Making a dent in the U.S. deficit will therefore require a much
bigger move.
WEIGHT OF HISTORY
Reducing the trade deficit will be a challenge, eliminating
it without a recession, a historic feat. The United States has
run a persistent deficit for the past half-century, as
insatiable consumer demand has sucked in goods from around the
world and voracious appetite for U.S. assets from overseas has
kept capital flowing stateside.
The only exception was in the third quarter of 1980, when
the U.S. posted a slender trade surplus of 0.2% of GDP, and
trade with the rest of the world almost briefly balanced in 1982
and 1991-92.
But these periods all coincided with - or were the result of
- sharp slowdowns in U.S. economic activity that ultimately
ended in recession. As growth shrank, import demand slumped and
the trade gap narrowed.
The dollar only played a significant role in one of them.
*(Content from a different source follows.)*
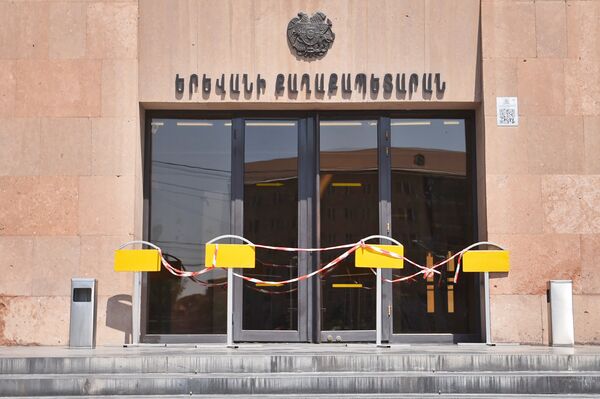 Демонстранты требуют отставки мэра перед зданием городской администрации (25 июня 2018). Еревaн - Sputnik Армения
In
1987, the trade gap was a then-record 3.1% of GDP. But it had
almost disappeared by the early 1990s, largely because of the
dollar's 50% devaluation from 1985-87, its biggest-ever
depreciation.
That three-year decline was accelerated by the Plaza Accord
in September 1985, a coordinated response between the world's
economic powers to weaken the dollar following its parabolic
rise in the first half of the 1980s.
But that does not mean large depreciations always coincide
with reductions in the trade deficit.
The dollar's second-largest decline was a 40% fall between
2002 and mid-2008, just before Lehman Brothers collapsed. But
the U.S. trade deficit actually widened throughout most of that
period, peaking at a record 6% of GDP in 2005. While it had
shrunk by more than three percentage points by 2009, that was
due more to plunging imports during the Great Recession than the
exchange rate.
These two episodes of deep, protracted dollar depreciation
stand out because over the past 50 years, the dollar index has
only had two other declines exceeding 20%, in 1977-78 and the
early 1990s, and a few other slides of 15-20%. None of these had
any discernible impact on the U.S. trade balance.
DEFICIT TO 'VANISH'?
The U.S. administration is correct that the dollar is
historically strong today by several broad measures. Given that
Trump and Treasury Secretary Scott Bessent seem intent on
rebalancing global trade, pressure on the greenback looks
unlikely to lift any time soon.
But how much would the dollar have to fall to whittle away
the yawning trade deficit, which last year totaled $918 billion,
or 3.1% of GDP?
Hedge fund manager Andreas Steno Larsen reckons a 20%-25%
depreciation over the next two years would see the deficit
"vanish," while Deutsche Bank's Peter Hooper thinks a 20%-30%
depreciation could be enough to "eventually" narrow the deficit
by about 3% of GDP.
"This means that a significant reversal of the roughly 40%
appreciation of the dollar in real (price-adjusted) terms
against a broad set of currencies since 2010 could be sufficient
to get the current deficit back to a zero balance," Hooper wrote
last week.
History suggests this may be challenging without a severe
economic slowdown. But that's a risk the administration seems
prepared to accept.
What could move markets tomorrow?
* Australia CPI inflation (April)
* New Zealand interest rate decision
* Taiwan GDP (Q1, revised)
* India industrial production (April)
* Germany unemployment (April)
* U.S. 5-year note auction
* New York Fed President John Williams speaks at BOJ-hosted
conference in Tokyo
* Nvidia quarterly earnings after the closing bell
Opinions expressed are those of the author. They do not
reflect the views of Reuters News, which, under the Trust
Principles, is committed to integrity, independence, and freedom
from bias.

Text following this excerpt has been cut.